Go through the lines below and tally those containing the string "smoke". Respond with the number only.

Content starts

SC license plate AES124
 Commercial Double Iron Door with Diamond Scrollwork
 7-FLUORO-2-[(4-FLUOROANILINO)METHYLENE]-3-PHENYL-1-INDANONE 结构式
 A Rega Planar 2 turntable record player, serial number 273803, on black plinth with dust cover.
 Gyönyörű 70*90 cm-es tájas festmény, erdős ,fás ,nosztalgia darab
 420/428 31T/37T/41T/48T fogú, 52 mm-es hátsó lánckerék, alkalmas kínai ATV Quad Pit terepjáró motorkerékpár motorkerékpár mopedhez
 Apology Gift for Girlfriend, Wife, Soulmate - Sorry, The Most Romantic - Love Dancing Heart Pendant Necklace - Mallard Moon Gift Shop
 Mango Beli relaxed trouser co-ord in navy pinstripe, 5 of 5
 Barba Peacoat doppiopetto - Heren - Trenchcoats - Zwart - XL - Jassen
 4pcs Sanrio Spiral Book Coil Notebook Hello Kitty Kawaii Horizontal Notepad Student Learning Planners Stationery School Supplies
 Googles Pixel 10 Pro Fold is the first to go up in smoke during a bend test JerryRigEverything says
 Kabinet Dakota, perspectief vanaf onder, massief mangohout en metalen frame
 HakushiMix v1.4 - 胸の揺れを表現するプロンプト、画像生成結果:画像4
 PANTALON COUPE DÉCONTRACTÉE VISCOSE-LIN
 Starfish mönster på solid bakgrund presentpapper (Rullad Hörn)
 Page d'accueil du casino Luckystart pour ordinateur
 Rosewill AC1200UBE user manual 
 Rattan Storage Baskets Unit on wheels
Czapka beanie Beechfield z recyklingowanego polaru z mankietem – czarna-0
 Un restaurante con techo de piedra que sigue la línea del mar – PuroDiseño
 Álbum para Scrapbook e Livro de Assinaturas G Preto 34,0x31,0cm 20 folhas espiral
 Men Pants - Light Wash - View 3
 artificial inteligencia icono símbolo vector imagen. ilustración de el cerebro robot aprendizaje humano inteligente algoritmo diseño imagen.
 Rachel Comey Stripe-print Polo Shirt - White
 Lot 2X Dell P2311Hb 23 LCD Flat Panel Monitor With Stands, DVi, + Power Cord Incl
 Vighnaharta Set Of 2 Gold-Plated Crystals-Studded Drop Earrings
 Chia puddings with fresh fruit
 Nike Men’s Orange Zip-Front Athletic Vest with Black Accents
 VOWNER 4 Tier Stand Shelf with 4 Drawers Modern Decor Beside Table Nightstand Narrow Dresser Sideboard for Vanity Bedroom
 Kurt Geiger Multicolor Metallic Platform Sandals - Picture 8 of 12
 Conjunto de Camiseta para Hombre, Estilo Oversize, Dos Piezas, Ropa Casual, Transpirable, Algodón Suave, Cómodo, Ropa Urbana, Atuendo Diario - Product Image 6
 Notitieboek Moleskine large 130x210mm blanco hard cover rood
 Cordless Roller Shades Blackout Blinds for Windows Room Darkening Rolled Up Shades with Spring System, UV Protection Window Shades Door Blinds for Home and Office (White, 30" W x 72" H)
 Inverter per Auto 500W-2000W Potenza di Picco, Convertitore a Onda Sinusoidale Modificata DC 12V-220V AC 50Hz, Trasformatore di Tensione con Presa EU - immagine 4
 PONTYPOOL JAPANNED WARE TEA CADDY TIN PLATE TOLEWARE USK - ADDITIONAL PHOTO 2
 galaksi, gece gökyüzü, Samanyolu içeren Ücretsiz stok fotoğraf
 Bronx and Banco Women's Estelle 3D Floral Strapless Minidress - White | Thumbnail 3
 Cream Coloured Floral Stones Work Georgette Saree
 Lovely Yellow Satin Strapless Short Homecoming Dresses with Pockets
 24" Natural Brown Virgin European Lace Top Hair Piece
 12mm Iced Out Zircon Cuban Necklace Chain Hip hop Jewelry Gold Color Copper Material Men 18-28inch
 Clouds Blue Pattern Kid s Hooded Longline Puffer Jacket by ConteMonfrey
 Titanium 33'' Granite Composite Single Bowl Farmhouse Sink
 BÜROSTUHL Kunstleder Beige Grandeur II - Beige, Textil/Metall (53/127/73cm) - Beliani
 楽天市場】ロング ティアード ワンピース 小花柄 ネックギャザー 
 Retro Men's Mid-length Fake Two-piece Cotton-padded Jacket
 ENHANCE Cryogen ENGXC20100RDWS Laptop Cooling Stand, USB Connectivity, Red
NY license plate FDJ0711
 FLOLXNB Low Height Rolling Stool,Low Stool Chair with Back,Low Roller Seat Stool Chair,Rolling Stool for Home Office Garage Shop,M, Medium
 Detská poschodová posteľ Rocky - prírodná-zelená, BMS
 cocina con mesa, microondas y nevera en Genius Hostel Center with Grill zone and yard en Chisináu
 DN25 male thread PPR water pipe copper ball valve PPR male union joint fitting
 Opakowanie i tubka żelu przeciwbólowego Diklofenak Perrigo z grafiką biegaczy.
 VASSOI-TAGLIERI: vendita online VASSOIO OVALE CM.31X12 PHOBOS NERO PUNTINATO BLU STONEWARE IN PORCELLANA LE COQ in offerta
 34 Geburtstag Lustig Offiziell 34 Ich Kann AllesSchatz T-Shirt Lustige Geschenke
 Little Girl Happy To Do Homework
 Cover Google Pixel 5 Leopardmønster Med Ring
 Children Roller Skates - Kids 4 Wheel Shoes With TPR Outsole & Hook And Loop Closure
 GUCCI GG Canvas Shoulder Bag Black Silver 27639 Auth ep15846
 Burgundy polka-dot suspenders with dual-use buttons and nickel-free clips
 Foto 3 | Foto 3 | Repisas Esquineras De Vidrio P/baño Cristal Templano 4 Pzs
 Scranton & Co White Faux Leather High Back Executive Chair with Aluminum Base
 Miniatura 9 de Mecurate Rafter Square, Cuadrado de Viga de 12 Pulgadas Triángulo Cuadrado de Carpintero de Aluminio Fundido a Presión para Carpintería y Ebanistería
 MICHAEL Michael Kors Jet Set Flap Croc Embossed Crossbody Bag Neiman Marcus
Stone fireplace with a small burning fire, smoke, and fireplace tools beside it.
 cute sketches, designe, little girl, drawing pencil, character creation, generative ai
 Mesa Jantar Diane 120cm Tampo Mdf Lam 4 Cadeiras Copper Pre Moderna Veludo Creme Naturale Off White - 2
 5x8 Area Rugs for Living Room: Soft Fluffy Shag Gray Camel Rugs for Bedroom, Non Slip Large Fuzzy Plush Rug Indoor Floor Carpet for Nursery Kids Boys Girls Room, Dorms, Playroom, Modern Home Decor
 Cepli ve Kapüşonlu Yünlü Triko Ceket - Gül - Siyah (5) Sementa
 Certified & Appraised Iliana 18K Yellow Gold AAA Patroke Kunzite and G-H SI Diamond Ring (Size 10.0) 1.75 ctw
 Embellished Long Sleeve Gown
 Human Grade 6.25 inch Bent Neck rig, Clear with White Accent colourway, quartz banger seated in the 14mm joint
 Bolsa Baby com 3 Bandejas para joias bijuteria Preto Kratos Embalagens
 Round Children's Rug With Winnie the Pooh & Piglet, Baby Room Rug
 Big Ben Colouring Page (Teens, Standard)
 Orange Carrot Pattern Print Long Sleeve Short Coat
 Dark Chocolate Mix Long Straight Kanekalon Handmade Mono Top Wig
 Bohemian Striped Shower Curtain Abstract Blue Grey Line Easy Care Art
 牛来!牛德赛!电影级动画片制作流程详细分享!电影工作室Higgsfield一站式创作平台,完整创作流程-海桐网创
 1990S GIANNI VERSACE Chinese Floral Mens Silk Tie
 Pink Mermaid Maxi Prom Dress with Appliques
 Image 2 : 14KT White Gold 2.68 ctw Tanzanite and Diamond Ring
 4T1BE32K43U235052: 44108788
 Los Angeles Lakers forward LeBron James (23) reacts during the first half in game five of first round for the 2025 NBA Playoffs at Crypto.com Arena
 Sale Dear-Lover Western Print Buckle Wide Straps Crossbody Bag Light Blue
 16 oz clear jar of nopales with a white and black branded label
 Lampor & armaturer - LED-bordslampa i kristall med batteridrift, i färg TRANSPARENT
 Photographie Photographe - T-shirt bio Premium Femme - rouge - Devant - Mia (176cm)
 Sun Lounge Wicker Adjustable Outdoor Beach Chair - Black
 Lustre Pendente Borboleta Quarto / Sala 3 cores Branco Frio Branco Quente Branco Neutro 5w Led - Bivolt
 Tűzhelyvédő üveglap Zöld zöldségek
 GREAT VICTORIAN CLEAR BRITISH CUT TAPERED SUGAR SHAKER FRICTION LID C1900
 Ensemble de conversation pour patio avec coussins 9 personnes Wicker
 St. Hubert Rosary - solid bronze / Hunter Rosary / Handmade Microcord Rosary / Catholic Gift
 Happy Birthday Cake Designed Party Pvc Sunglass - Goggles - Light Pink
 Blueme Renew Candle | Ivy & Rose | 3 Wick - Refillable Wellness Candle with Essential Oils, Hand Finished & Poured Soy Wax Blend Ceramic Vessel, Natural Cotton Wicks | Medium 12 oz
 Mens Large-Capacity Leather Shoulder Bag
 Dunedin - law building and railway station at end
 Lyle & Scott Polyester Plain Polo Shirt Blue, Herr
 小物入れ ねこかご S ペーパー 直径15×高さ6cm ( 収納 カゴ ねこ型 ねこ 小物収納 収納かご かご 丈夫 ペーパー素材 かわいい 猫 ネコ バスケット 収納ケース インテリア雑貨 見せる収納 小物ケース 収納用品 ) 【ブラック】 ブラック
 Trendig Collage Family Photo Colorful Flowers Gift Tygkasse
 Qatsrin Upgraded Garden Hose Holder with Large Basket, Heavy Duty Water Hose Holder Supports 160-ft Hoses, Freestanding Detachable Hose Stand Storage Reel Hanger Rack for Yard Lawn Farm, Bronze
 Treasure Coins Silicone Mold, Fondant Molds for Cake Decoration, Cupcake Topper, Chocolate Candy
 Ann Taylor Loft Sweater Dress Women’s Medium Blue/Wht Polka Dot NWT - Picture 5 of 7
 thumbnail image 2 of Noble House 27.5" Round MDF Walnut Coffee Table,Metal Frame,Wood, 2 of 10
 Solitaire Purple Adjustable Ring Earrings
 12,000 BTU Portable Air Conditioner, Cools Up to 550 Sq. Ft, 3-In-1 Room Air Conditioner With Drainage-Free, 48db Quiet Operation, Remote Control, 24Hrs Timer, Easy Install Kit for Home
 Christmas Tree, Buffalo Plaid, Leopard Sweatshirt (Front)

Content ends

### Answer box
2